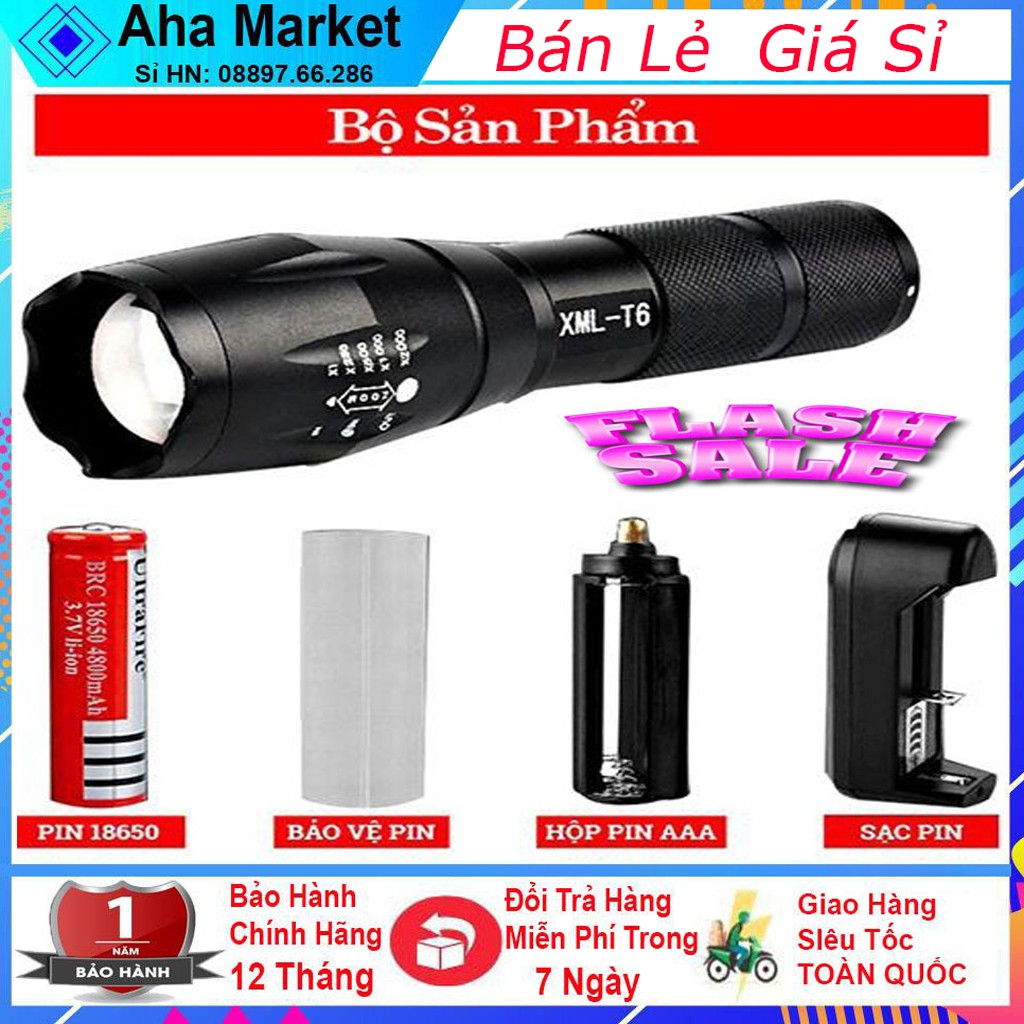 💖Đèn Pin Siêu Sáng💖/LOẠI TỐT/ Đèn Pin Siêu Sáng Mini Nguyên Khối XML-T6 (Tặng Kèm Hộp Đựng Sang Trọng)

...

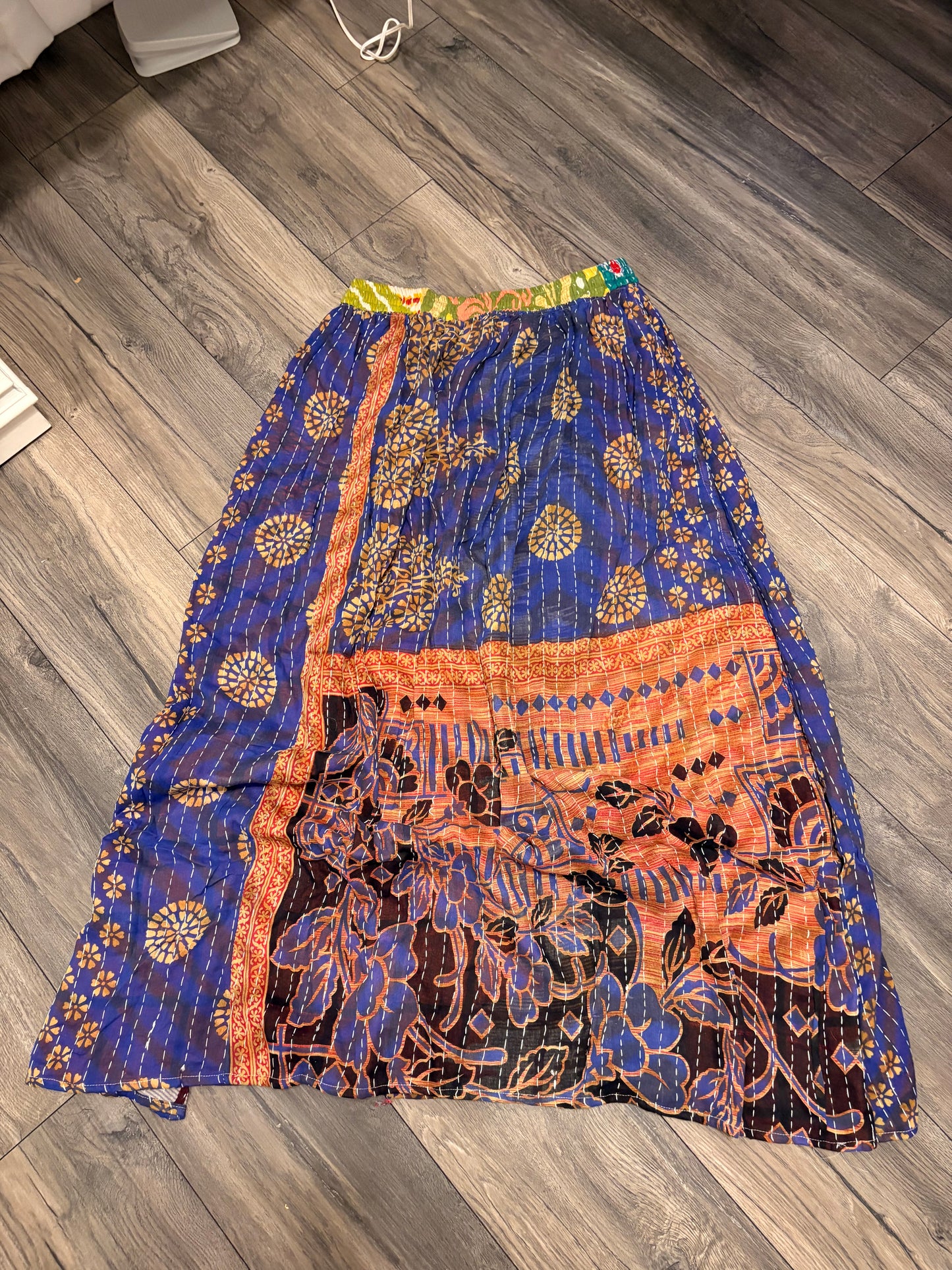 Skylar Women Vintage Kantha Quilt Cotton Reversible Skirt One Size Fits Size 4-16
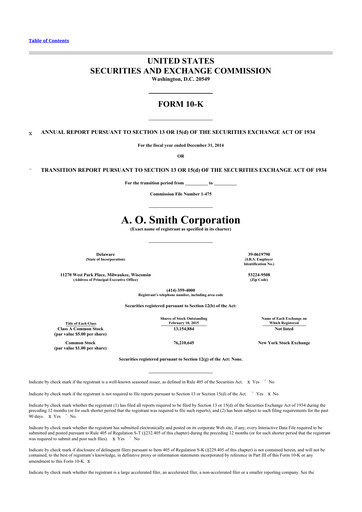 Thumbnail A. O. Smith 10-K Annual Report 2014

» WHAT TO WORK ON: In the data above, take the line with "Skylar Women Vintage", the line with "Thumbnail A. O.", and every line between, and set them down exactly without pictures.

» ANSWER BELOW:
 Skylar Women Vintage Kantha Quilt Cotton Reversible Skirt One Size Fits Size 4-16
 Thumbnail A. O. Smith 10-K Annual Report 2014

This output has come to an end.